I have never really cared for David Lynch. If that makes me a hopeless square, so be it. If that means I am not cool, not trendy, not a true cinema aficionado, well, whatever. I could give less of a shit. Lynch has always pissed me off for one simple reason: I can rarely tell what the fuck his movies are supposed to be about. He is capable of brilliance. After all, he did do “The Straight Story” which was simple and elegant in the way of a wonderful poem. In that movie, he was spot on in depicting the way people talked, the way they moved, the things they said and the things they left unsaid. “The Straight Story” was brilliant and beautiful and inspiring. It also gave me hope. I had hoped Lynch had turned a corner. Yes, I had heard that “Mulholland Drive” was a great film, one of the year’s best and perhaps Lynch’s greatest achievement. If his last film had been “Lost Highway”, then there is no way you would have gotten me near the theater. Because “Lost Highway” largely sucks. Sure, it had its moments. There is a chilling moment at a party where Bill Pullman is advised by a strange man to make a phone call to his own house….only to have the phone answered by himself. That moment rightly got on more than a couple “Creepies Moments in Cinema” lists. No one is better at darkness and depravity than David Lynch.

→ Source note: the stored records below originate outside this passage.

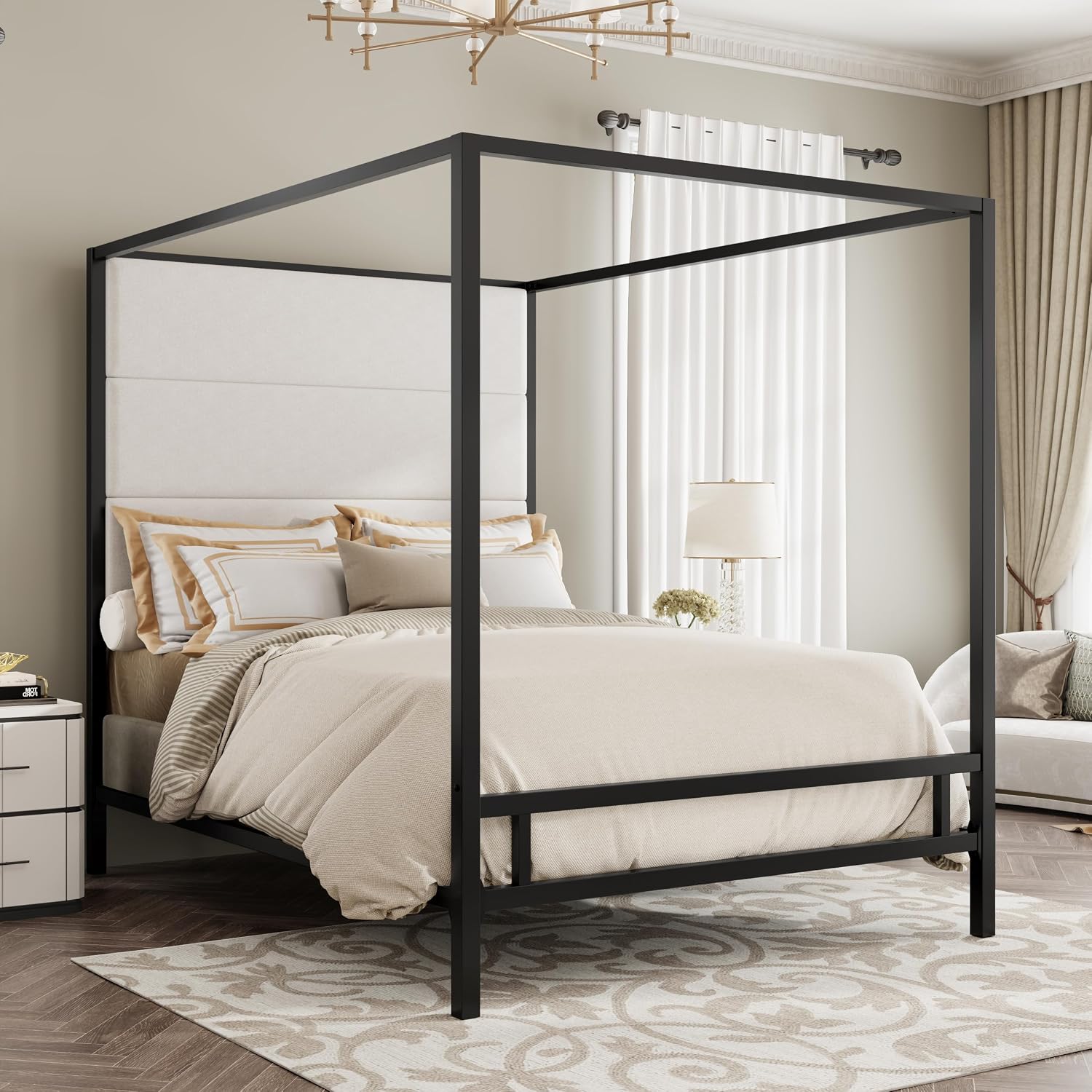 Rama łóżka z baldachimem Queen – Canopy Bed Frame Metal Queen recenzja i cena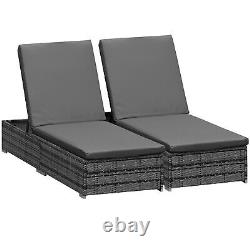 Rattan Sun Loungers set of 2 with Cushion, 4-Level Recliner Garden Furniture, Grey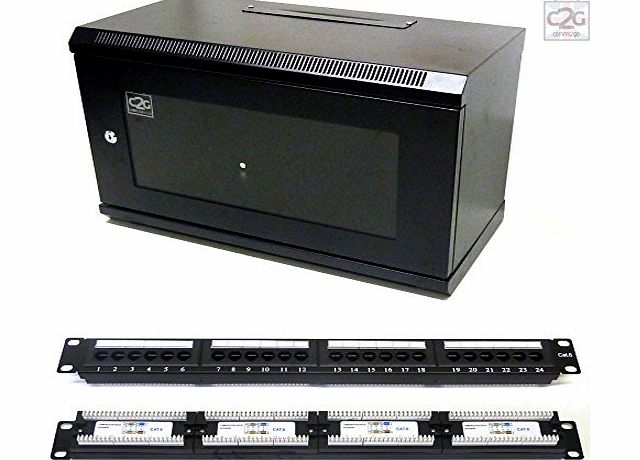 Comms2Go 6U 300mm Black Wall Rack Network Cabinet   Cat 6 Patch Panel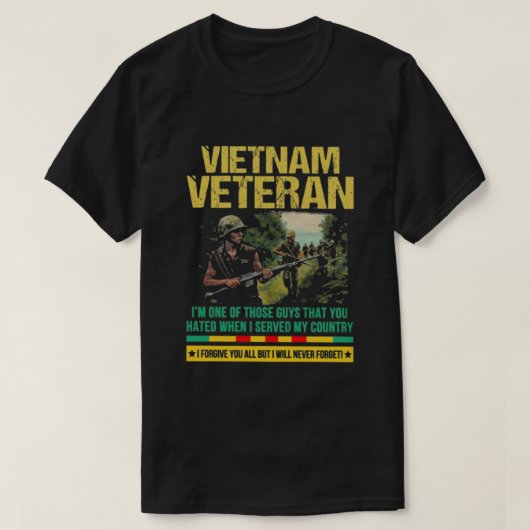 VIETNAM VETERAN IK ZAL NOOIT T-SHIRT (Design voorkant)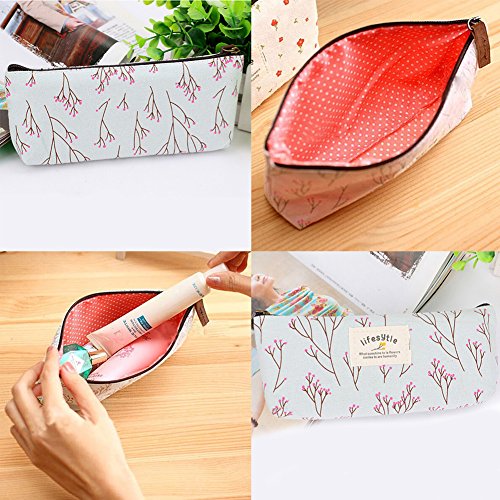 V-EWIGE Rosa Studenten Wind Pastoral Blumen Bleistift Kleine frische Garten-Art-Blumenleinwand-Studenten-Feder / Bleistift-Kasten-Bleistift-Beutel Neue - 3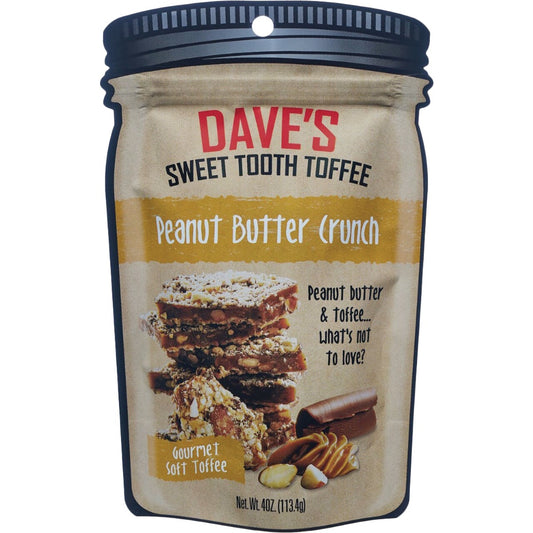 Dave's Sweet Tooth 4 Oz. Peanut Butter Crunch Gourmet Soft Toffee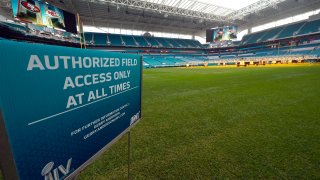 Hard Rock Stadium is shown during a tour for the media Tuesday, Jan. 28, 2020, in Miami Gardens, Fla., in preparation for the NFL Super Bowl 54 football game. (AP Photo/David J. Phillip)
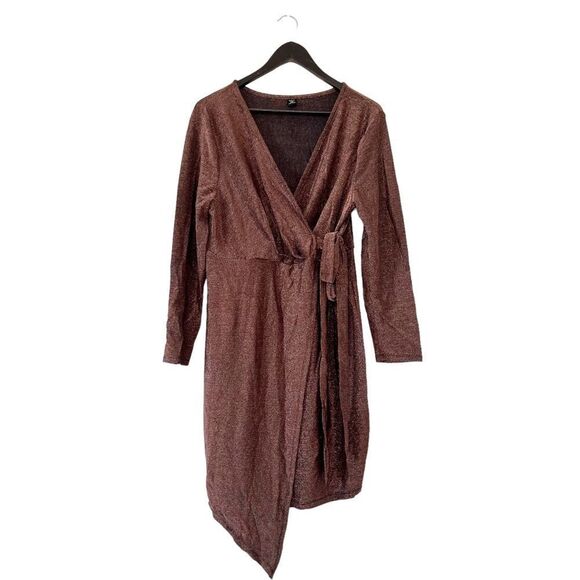 SHEIN BAE Bronze Plus Surplice Neck Wrap Knot Glitter Dress - Picture 2 of 11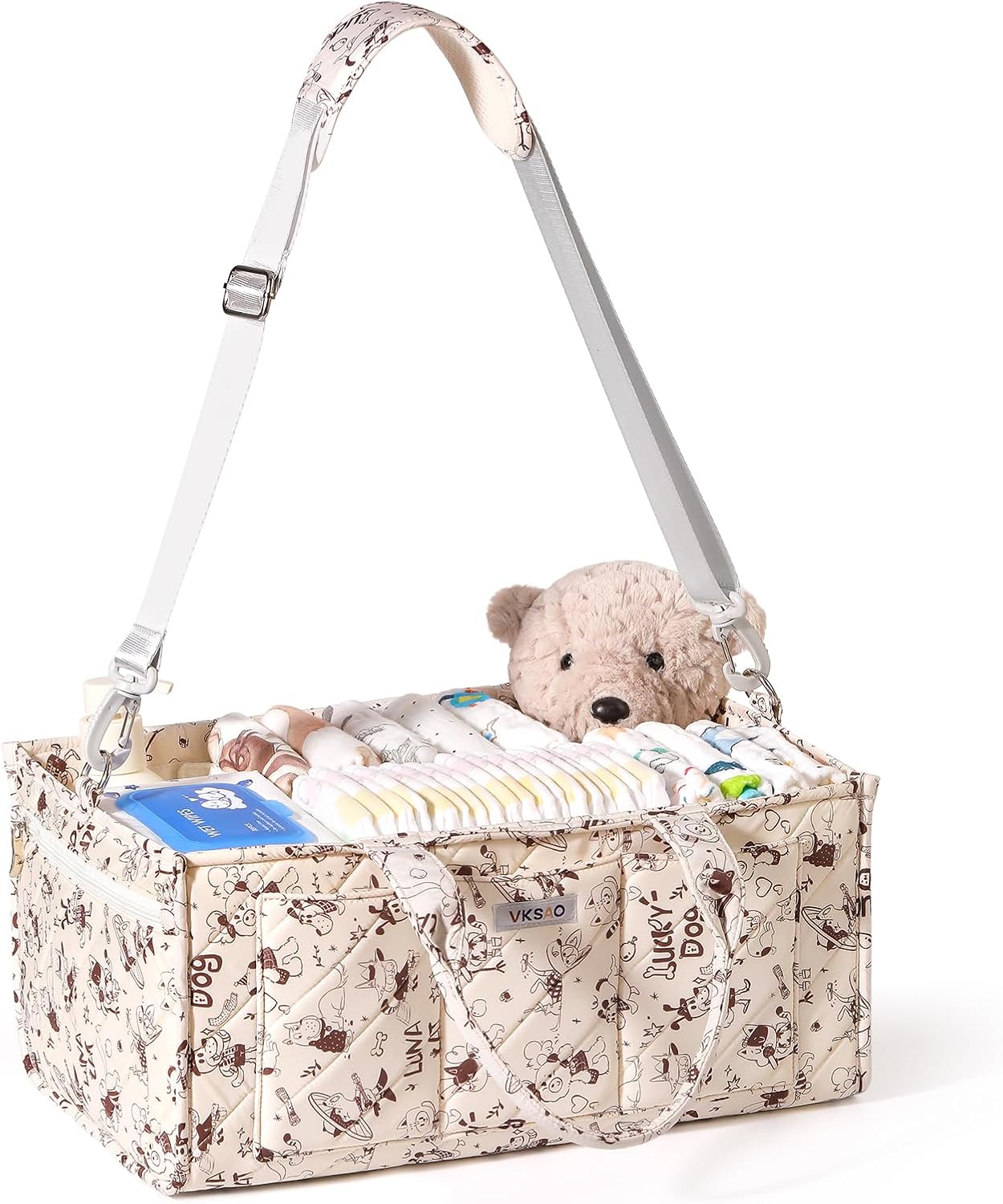 Cute Cartoon Animal Prints Baby Diaper Caddy Organizer, Diaper Bag Storage Basket for Newborn Essentials Must Haves Baby Shower Gifts, Black White Large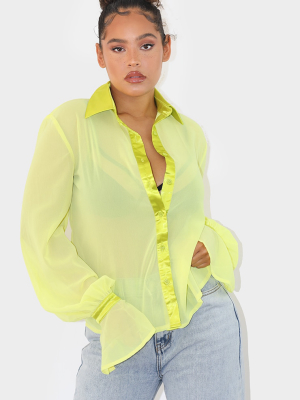 Pale Lime Chiffon Frill Cuff Shirt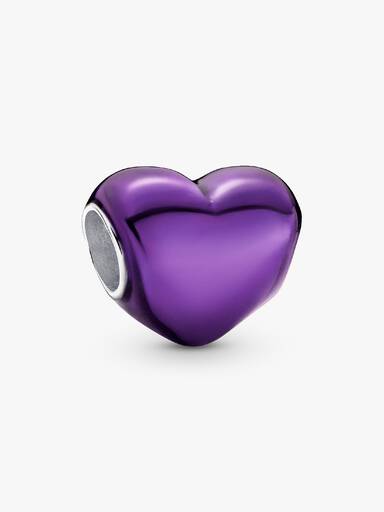 Metallic Purple Heart Charm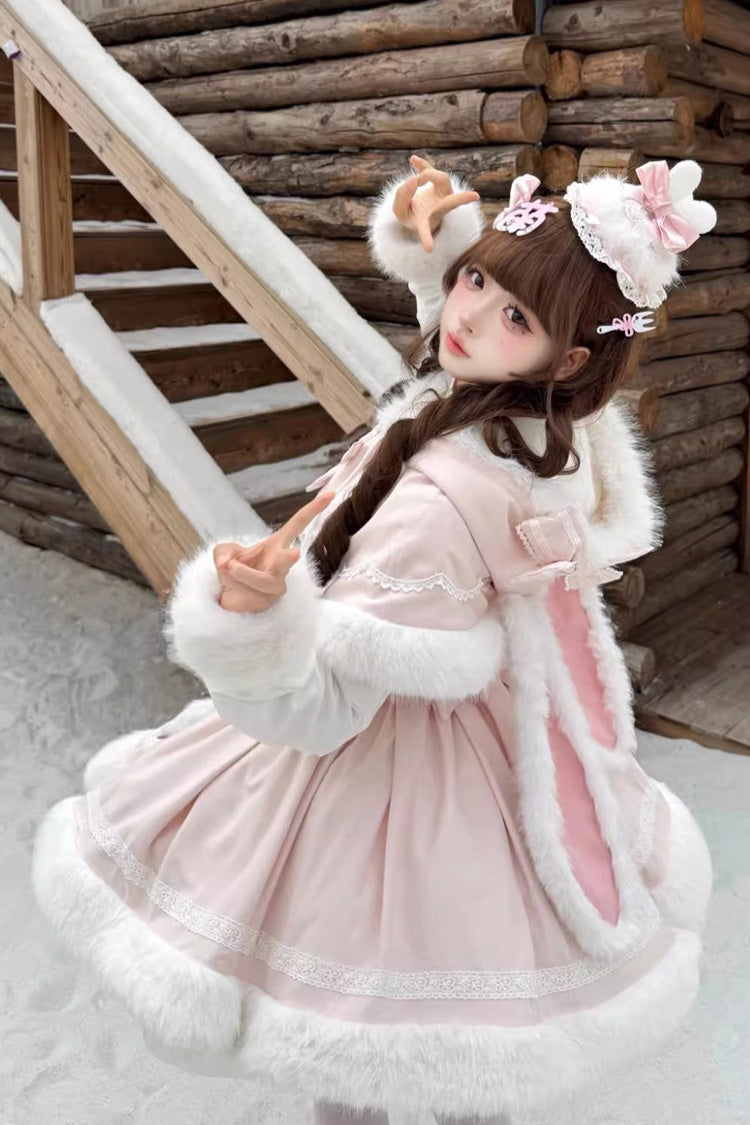 Sweet Dream Bunny Furry Bowknot Sweet Lolita Dress 2 Colors and 2 Versions
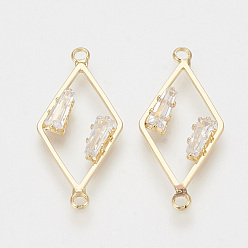 Real 18K Gold Plated Brass Cubic Zirconia Links, Clear, Rhombus, Nickel Free, Real 18K Gold Plated, 29x13x3mm, Hole: 1.5mm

So far so good, right? Not quite. Because, while Dave does have a great idea of how to craft a creepy moment, he doesn’t really know how to add them up. “Lost Highway” was without punch because the film was a total washout. There was no sense to it, no purpose. It was a collage of images that, when you finally added them up, didn’t really mean anything. It was a meandering, sometimes intriguing, challenging and ultimately frustrating piece of crap. Well, I hate to break this to you, but “Mulholland Drive”, despite its presence on every top ten critic’s list I have seen, is completely fucked in the head.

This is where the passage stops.